I am having an issue in regard to battery charging on linux. when I bought my Lenovo laptop I was on windows so I installed a binary on my system that allowed me to set the battery charging into “Conservation mode” so that i only charges and uncharges to keep the battery charge in a certain range and othewise uses AC instead of battery. This settings persisted over when I switched to linux because I suppose it wrote it into BIOS /EFI . But now suddenly today it stopped to work for some reason, I did a little search and found maybe “tlp” can do the same thing, but when I try to install it it says there is a conflict and I am not sure If I want to remove that program as I don’t know what it does, Any suggestions on what to do? I suppose there should be a option If I can boot into BIOS, right? I also can attach the windows I have installed in a External HDD for this laptop which had Windows on it, boot into it, install that binary and set it up again and hope that the settings persist again.
here is the conflict I get when trying to install tlp:
resolving dependencies...
looking for conflicting packages...
:: tlp and power-profiles-daemon are in conflict. Remove power-profiles-daemon? [y/N] N
error: unresolvable package conflicts detected
error: failed to prepare transaction (conflicting dependencies)
:: tlp and power-profiles-daemon are in conflict
Charging threshold is for select systems - your firmware would have to provide support for it.
Lenovo is one of the few systems supporting this - I think there is a package in the repo - I just don’t recall it’s name - it is for thinkpad specifically.

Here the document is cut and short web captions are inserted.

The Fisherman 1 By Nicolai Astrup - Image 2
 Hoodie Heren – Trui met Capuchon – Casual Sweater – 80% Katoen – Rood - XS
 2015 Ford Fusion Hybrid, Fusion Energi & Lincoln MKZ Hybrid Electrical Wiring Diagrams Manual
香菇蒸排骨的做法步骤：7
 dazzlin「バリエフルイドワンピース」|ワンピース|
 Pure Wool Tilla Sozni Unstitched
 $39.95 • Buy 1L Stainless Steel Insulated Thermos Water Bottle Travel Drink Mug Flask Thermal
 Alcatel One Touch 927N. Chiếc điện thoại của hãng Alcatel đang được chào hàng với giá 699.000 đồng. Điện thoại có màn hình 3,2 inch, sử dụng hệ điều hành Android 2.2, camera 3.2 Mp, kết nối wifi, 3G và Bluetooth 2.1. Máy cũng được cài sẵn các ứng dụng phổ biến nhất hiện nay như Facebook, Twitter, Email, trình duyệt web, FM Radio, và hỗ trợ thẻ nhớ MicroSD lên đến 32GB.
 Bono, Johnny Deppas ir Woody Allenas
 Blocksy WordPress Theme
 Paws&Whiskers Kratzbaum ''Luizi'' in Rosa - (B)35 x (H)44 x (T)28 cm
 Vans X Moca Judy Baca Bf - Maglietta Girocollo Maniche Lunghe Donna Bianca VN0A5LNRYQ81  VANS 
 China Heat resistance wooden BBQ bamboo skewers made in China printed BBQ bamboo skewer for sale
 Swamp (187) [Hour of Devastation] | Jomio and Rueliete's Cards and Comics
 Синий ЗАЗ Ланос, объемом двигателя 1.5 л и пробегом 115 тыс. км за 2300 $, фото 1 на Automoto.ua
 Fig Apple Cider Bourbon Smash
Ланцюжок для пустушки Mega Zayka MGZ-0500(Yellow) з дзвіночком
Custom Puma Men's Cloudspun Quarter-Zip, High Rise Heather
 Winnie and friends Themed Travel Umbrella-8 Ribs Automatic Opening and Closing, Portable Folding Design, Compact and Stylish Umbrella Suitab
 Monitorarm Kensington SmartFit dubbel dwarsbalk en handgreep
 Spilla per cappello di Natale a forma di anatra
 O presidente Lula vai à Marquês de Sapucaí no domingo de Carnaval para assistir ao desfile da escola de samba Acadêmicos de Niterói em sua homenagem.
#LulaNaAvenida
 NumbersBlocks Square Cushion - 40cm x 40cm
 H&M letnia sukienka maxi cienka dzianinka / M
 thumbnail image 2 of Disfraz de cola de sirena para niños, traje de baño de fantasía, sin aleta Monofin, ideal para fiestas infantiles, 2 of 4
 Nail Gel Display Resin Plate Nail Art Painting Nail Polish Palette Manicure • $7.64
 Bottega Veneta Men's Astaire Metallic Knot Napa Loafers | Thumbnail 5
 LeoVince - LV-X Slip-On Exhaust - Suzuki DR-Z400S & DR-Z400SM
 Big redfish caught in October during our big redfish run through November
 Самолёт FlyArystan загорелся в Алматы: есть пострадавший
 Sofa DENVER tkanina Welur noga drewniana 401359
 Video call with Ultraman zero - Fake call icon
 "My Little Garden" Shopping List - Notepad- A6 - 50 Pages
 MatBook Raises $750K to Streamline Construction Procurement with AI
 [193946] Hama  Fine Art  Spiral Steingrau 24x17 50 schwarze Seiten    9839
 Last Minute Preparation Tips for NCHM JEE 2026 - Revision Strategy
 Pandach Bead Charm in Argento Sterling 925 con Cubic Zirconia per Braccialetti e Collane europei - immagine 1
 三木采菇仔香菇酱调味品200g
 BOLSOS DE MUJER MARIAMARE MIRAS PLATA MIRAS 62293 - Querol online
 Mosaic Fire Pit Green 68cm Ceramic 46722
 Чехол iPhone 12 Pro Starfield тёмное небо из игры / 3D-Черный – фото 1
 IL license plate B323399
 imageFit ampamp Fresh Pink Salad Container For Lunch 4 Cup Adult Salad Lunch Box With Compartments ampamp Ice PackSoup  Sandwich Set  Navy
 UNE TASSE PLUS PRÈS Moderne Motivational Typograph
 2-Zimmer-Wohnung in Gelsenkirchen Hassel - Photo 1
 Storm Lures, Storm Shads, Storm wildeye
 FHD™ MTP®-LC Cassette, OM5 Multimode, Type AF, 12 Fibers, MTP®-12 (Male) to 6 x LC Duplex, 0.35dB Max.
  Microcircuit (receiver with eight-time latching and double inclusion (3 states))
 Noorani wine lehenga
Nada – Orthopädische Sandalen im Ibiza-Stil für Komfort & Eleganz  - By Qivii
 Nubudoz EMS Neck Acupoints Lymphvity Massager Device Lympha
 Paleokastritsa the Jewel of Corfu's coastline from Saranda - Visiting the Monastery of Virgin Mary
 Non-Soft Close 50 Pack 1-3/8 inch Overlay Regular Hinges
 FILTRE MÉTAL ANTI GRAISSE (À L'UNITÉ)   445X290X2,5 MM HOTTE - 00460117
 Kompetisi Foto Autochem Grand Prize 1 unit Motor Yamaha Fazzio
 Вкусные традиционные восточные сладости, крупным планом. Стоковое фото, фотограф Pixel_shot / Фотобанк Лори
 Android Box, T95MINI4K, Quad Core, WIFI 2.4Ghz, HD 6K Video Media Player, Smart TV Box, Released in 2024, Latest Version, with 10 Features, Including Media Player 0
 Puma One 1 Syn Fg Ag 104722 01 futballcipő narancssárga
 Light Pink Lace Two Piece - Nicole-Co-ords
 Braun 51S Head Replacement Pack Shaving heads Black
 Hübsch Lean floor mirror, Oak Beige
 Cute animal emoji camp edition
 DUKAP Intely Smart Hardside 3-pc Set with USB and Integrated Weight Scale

Most system doesn’t support such threshold and your only helper is a script which can watch your battery and notify when your desirec threshold is reached.
If you cannot get it to function - I create an allround script some time ago.
Thank you, it is very interesting to learn how to make a custom job for systemd, but for the issue I figured out that the description in config file was misleading and for non-ThinkPad Lenovos the value should set to “1” so that it enabled to default 60% value.